Desesperado y avergonzado, el capitán cerró los ojos y dijo:
– Estaba borracho. Mi batería ganó el partido de fútbol, sabe. Eso no ocurre cada día.
– El teniente Weber pasó por aquí a primera hora. Dice que ustedes hicieron trampa, y que el partido se retrasó media hora porque dos chicos robaron el balón cuando salió por encima de un cercado.
– Eso fue sabotaje -dijo el capitán.
– No me gusta ese teniente. Me mira como si yo fuese un animal.
– Es nazi; también a mí me considera un animal. No tiene remedio. A mí me cae bien. No es más que un chiquillo, ya crecerá.
– Y usted es un borracho. Me huelo que ustedes los italianos siempre están borrachos, o robando, o persiguiendo chicas, o jugando a fútbol.
– También nadamos y cantamos canciones. Y no puede culpar a los muchachos por perseguir a las chicas, porque no pueden hacerlo en Italia; además, a algunas chicas les gusta. Déme más agua.
Pelagia frunció el ceño; había algo en las observaciones del capitán que a ella le resultaba ofensivo, incluso cruel. Por otra parte, su estado de ánimo era el ideal para discutir. Se puso en pie, le vació la jarra encima de la cara y dijo con vehemencia:
– Usted sabe perfectamente que nos fuerzan a ello con amenazas, y que si aceptamos es por pura necesidad. Además, a todos nos avergüenza que sus prostitutas anden por aquí. ¿Cómo cree que nos sentimos?

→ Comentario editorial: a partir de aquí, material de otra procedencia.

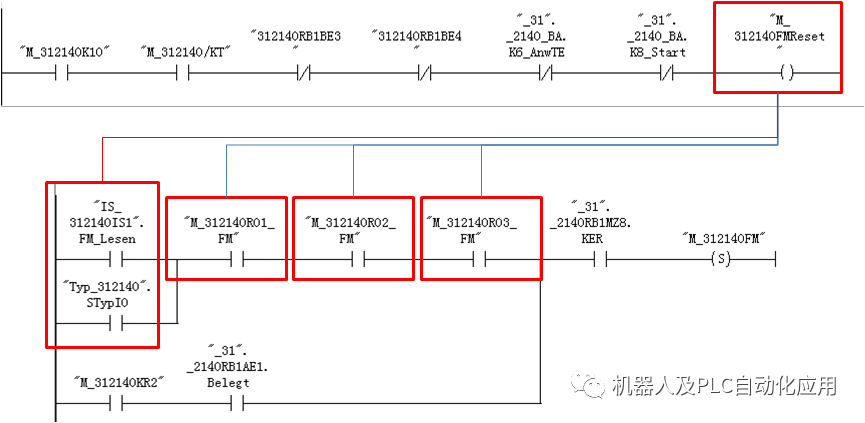 1961c57a-7941-11ed-8abf-dac502259ad0.png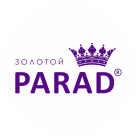PARAD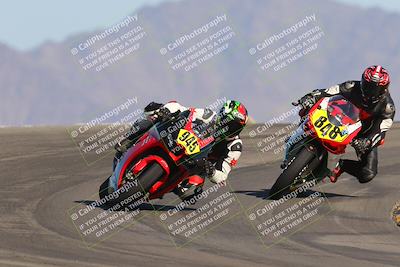 media/Oct-07-2023-CVMA (Sat) [[f84d08e330]]/Race 12 Amateur Supersport Open/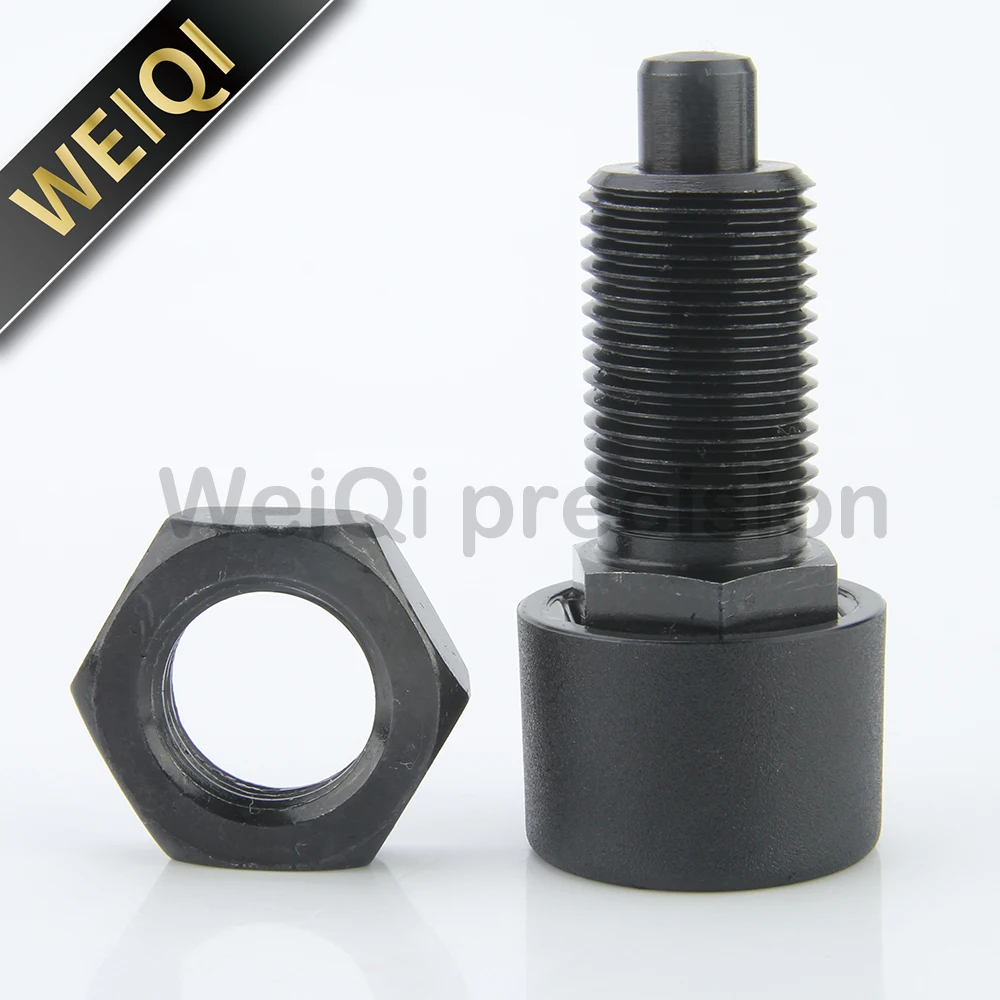 Slide image 9636780c03034f5d8e085b5c73a85cc9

Al capitán le dolía demasiado la cabeza para discutir; le dolía tanto que era incapaz de reaccionar por más que una chica soltera acabara de empaparlo. No obstante, sí se sintió bruscamente propenso a una gran sensación de injusticia. Se incorporó y dijo:
– Todo lo que hace y dice es porque quiere que me disculpe, en todas sus miradas no veo más que reproches. Así ha sido desde que llegué a esta casa. ¿Cómo cree que me siento? ¿Por qué no se hace esta pregunta? ¿Cree que estoy orgulloso? ¿Cree que tengo vocación de oprimir a los griegos? ¿Acaso piensa que soy el Duce y que me ordené a mí mismo venir aquí? Ya sé que todo es una mierda, pero yo no puedo hacer nada. Está bien, de acuerdo, le presento mis excusas. ¿Satisfecha? -Y se dejó caer sobre las almohadas.
Pelagia puso los brazos en jarras, aprovechando la superioridad implícita en el hecho de estar ella de pie y él acostado. Hizo una mueca de disgusto y dijo:
– ¿Me está diciendo en serio que usted es tan víctima como nosotros? Pobrecito, qué pena.
Se acercó a la mesa, reparó en la soñolienta presencia de Psipsina en la gorra del capitán y sonrió para sí mientras miraba por la ventana. Estaba frustrando el efecto de cualquier respuesta por parte del capitán al asegurarse de que él no pudiera mirarla a los ojos mientras lo hacía. Realmente le daba lástima, no podía ser hostil con una persona que permitía que una marta durmiera en su gorra, pero no pensaba dejar que su rostro acusase el efecto que sentía habiendo en juego unos principios.
No hubo respuesta. Corelli miró la silueta de Pelagia a la luz de la ventana y le vino a la cabeza una melodía. Pudo visualizar sus dedos caminando por el diapasón de la mandolina, pudo oír las disciplinadas notas vibrando en el registro agudo, cantando el elogio de Pelagia al tiempo que se hacían eco de su ira y resistencia. Era una marcha, una marcha acerca de una mujer que practicaba la guerra a base de palabras injuriosas y amabilidades. Oyó tres acordes sencillos y una melodía marcial que insinuaba un mundo de indulgencia. Oyó surgir y cobrar fuerza aquella melodía, estallando en un torrente de brillantes trémolos más diáfanos que el trino de los zorzales, más pelúcidos que el mismo cielo. Comprendió, no sin cierto fastidio, que harían falta dos instrumentos.